-- WORK INSTRUCTION --
Whatever lies between the line with "Super Oyo 707" and the end of the data, both included, must be copied exactly and without pictures.

-- DATA EXCERPT --
'''

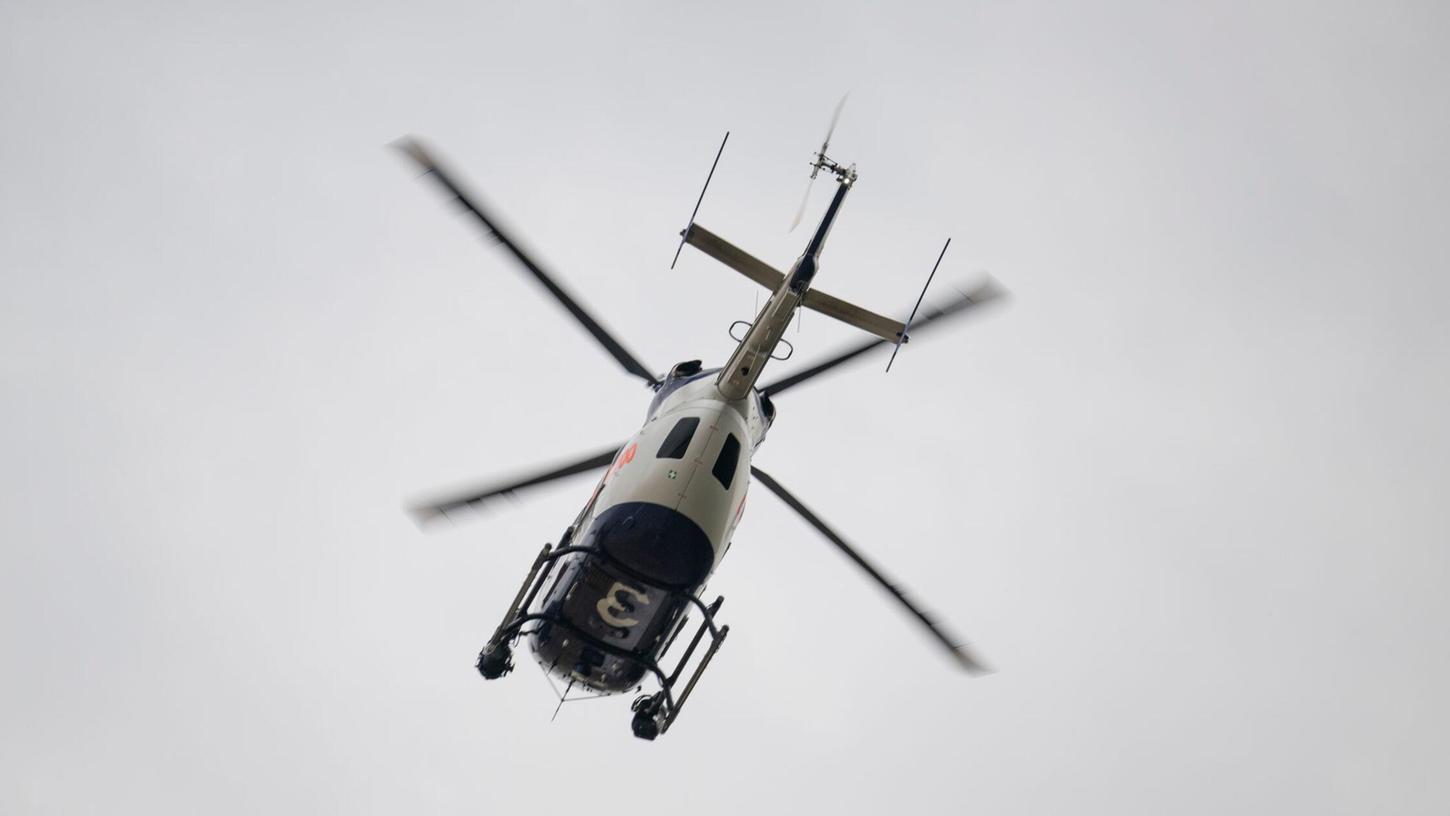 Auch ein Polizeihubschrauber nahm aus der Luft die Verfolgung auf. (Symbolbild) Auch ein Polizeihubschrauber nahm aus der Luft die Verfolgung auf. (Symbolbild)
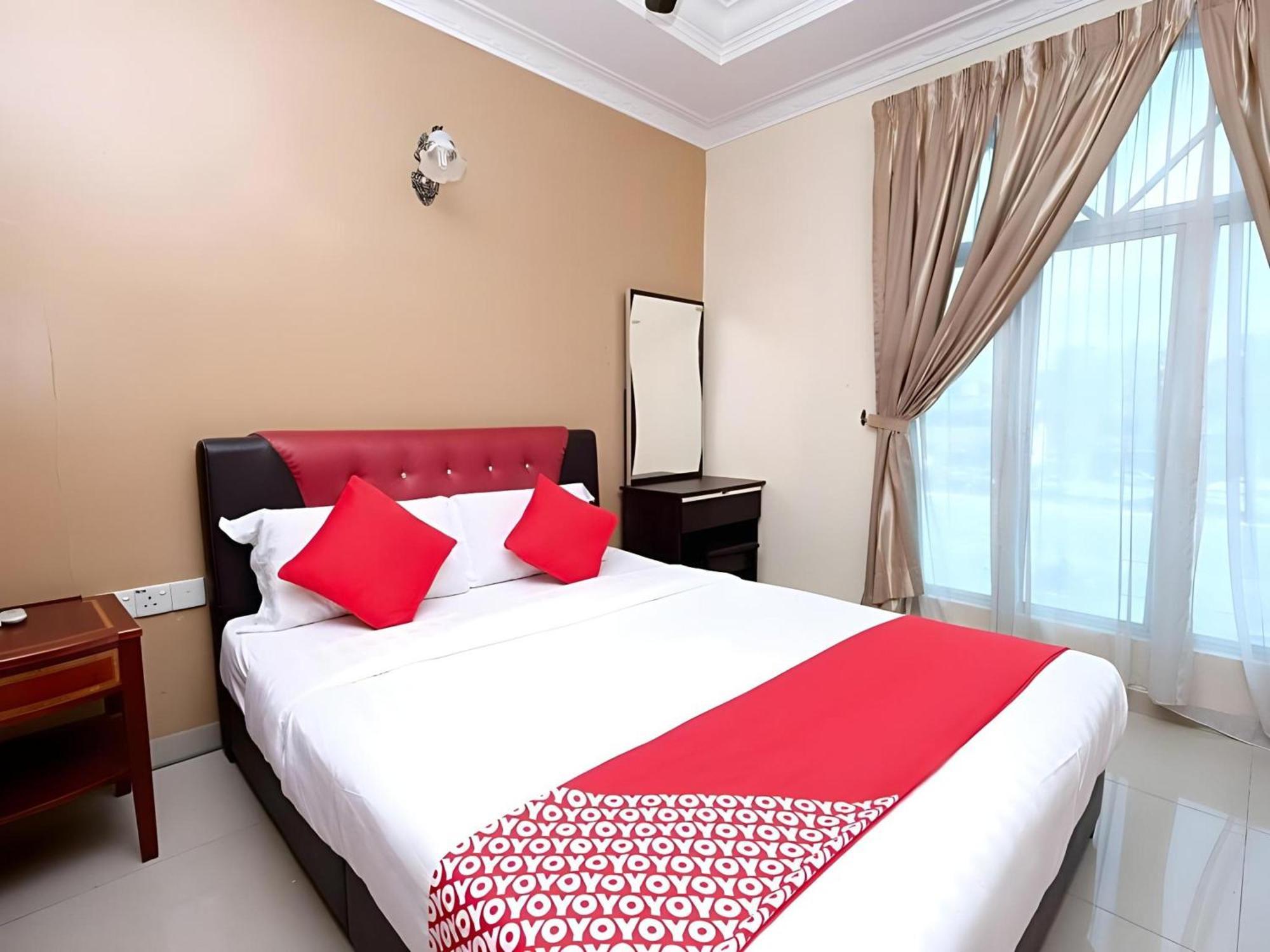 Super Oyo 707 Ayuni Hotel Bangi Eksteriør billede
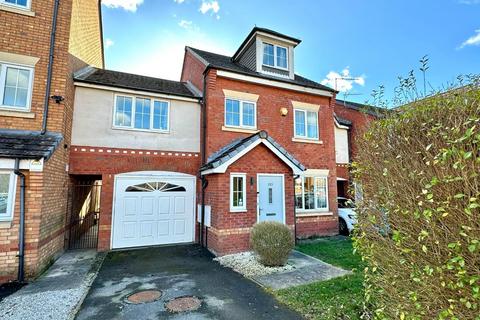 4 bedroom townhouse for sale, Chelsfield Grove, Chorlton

'''

-- EXERCISE RESULT --
 Super Oyo 707 Ayuni Hotel Bangi Eksteriør billede
 4 bedroom townhouse for sale, Chelsfield Grove, Chorlton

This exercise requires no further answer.